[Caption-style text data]
((
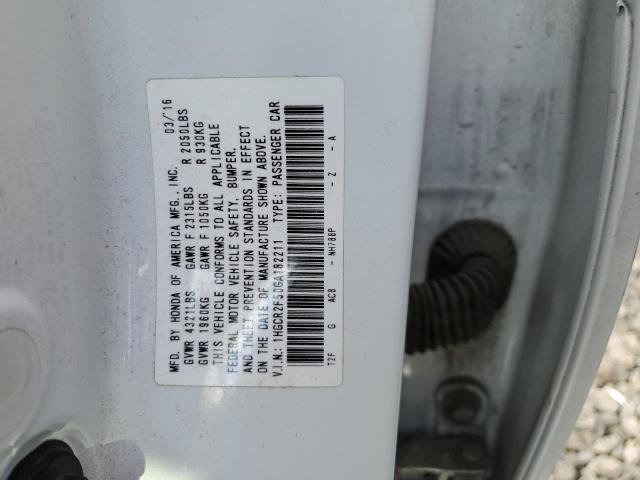 Photo 11 VIN: 1HGCR2F50GA182211 - HONDA ACCORD 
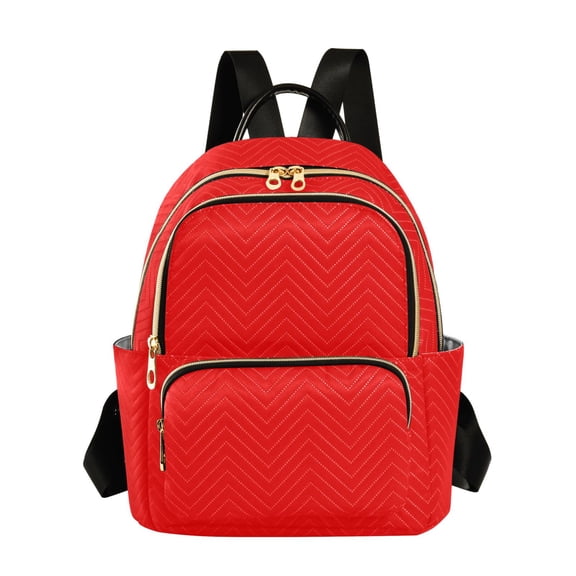 JIALIOU Mini Backpack Purse for Women Quilted Casual Daypack Small Travel Shoulder Bag, Red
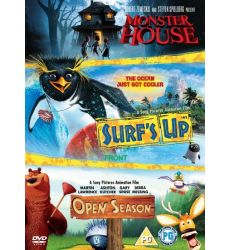 Monster House, Surf's Up, Open Season DVD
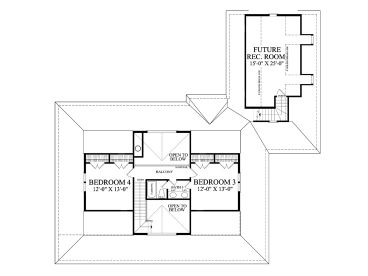 2nd Floor Plan, 063H-0213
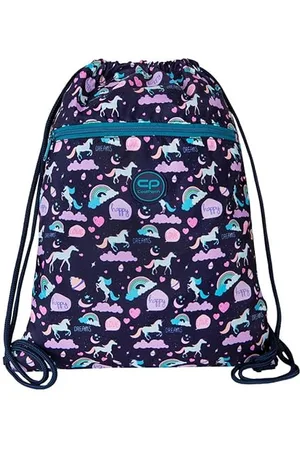 Coolpack E70549, Turnbeutel VERT HAPPY UNICORN, Multicolor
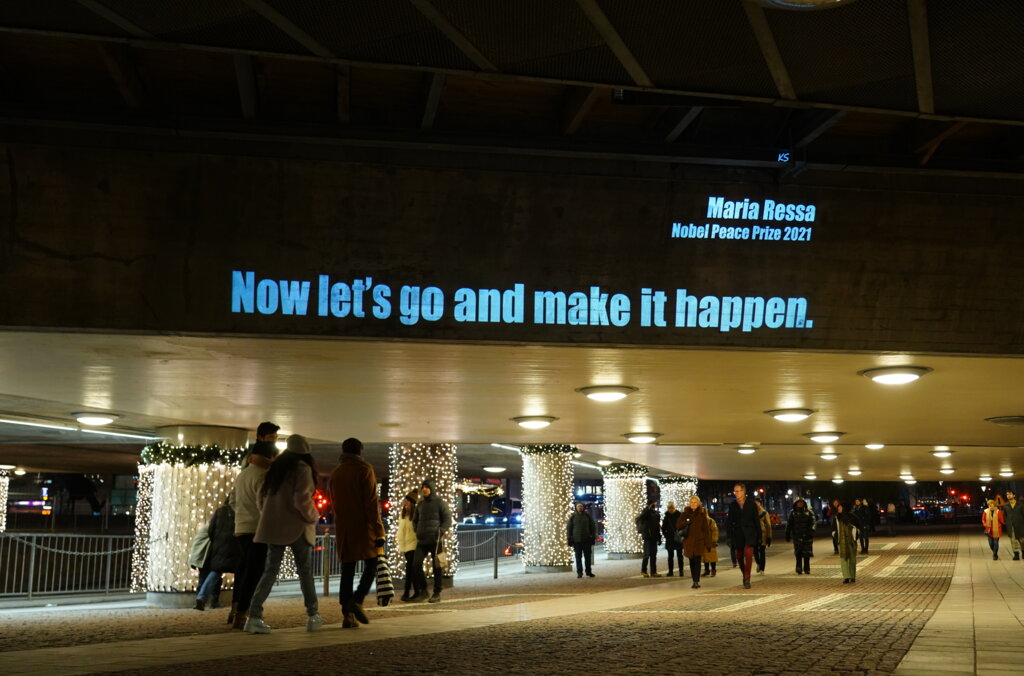 Kroft & Smids, NOBEL LIGHT WALK.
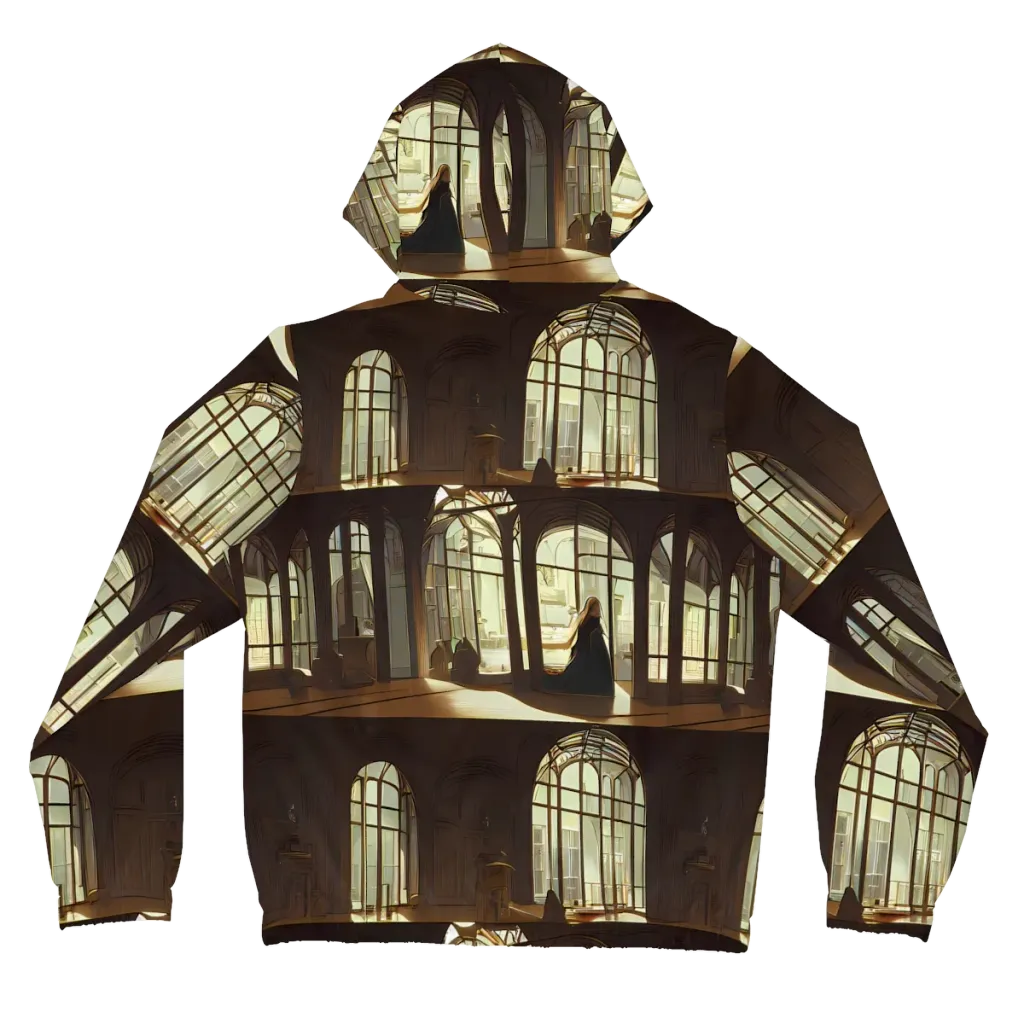 Dutch Perspective on Women's Full-Zip Hoodie — Back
))
**WHAT YOU HAVE TO DO:**
Reproduce all of the data exactly, omitting each picture it holds.

**SOLUTION FOR THIS TASK:**
 Photo 11 VIN: 1HGCR2F50GA182211 - HONDA ACCORD 
 JIALIOU Mini Backpack Purse for Women Quilted Casual Daypack Small Travel Shoulder Bag, Red
 Monster House, Surf's Up, Open Season DVD
 2nd Floor Plan, 063H-0213
 Coolpack E70549, Turnbeutel VERT HAPPY UNICORN, Multicolor
 Kroft & Smids, NOBEL LIGHT WALK.
 Dutch Perspective on Women's Full-Zip Hoodie — Back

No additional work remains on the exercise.